CHRISTMAS
EVE
Monday, December 24,
2007
Today is the eve of what is most
certainly the most festive day of the year for the mass of the Christian
-- or simply commercial -- populace: December 25th, God's birthday, observed!
Lucky for us, He's already got enough stuff, so WE end up getting the presents!
I've tried to work out the same arrangement with a few of my friends for
THEIR birthdays, but, well, I'll put it this way: God they
aint.
Anyways, I sincerely hope you're
all having a great Christmas and/or other holidays of various faiths and
ethnicities Season. I don't usually store much by way of sap, but as Scrooge's
nephew Fred observed, "it's a good and charitable holiday, so shove that
up your coal chute, you crusty old turd." May that truly be said of all of
us. And, not to point out the obvious, but if you haven't been charitable
this year, you're right at the deadline; it's time to toss some cash to the
needy. PAPER cash; quarters hurt at high speeds. We may not have a perfect
country (or countries), where we have to worry about having our lame phone
conversations tapped or having our video games censored for violent content,
but we've been extremely fortunate to live in areas where those are considered
legitimate complaints, as opposed to lands where you have to fight jackals
barehanded for your dinner, or where they hook electrodes to your genitals
for noting that your dictator has an unsightly mustache.

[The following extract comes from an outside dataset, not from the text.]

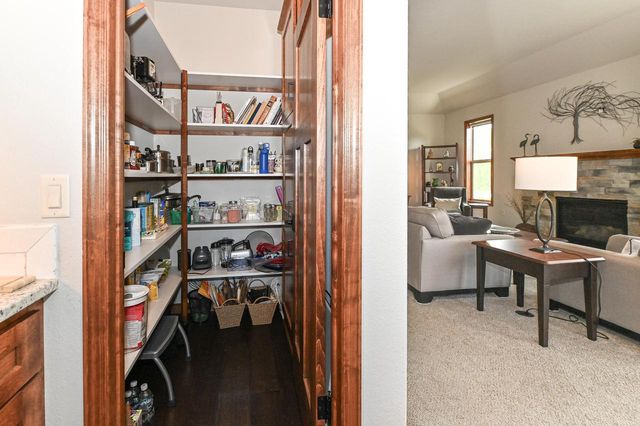 3424 Walnut TRAIL, Waukesha, WI 53188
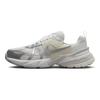 Женские кроссовки V2K Run Metallic Silver белые FD0736-104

This is especially troubling,
as unsightly mustaches are the stock and trade of most current third-world
dictators. Anyways, let's spread the blessings around a
little.
Before I leave you all to your
Christmas dinners and parties and binges and depressions, I'd like to share
a little -- completely true! -- story from my own Christmas past. It occurred
when I was very, very young.
Christmas, of course, was a big
event in our young lives, and we kids -- my brother, sister and I -- we tended
to wake up right at the crack of three A.M. on Christmas day, fidgeting and
making unevenly-whispered conversation and giggling until our parents couldn't
take the racket anymore and bowed to the inevitable. As we kids raced to
the tree, our father would grumble to life and lumber out into the bitter
cold to grab some firewood. As we were not allowed to open any presents until
he returned, this was considered an excruciating inconvenience on our
part.
This particular Christmas, however,
shortly after dad had stepped outside, he came back in looking rather excited
-- he wanted us to look at something that the wind had just blown off of
the rooftop. In his hands, he held a very ordinary-looking piece of paper.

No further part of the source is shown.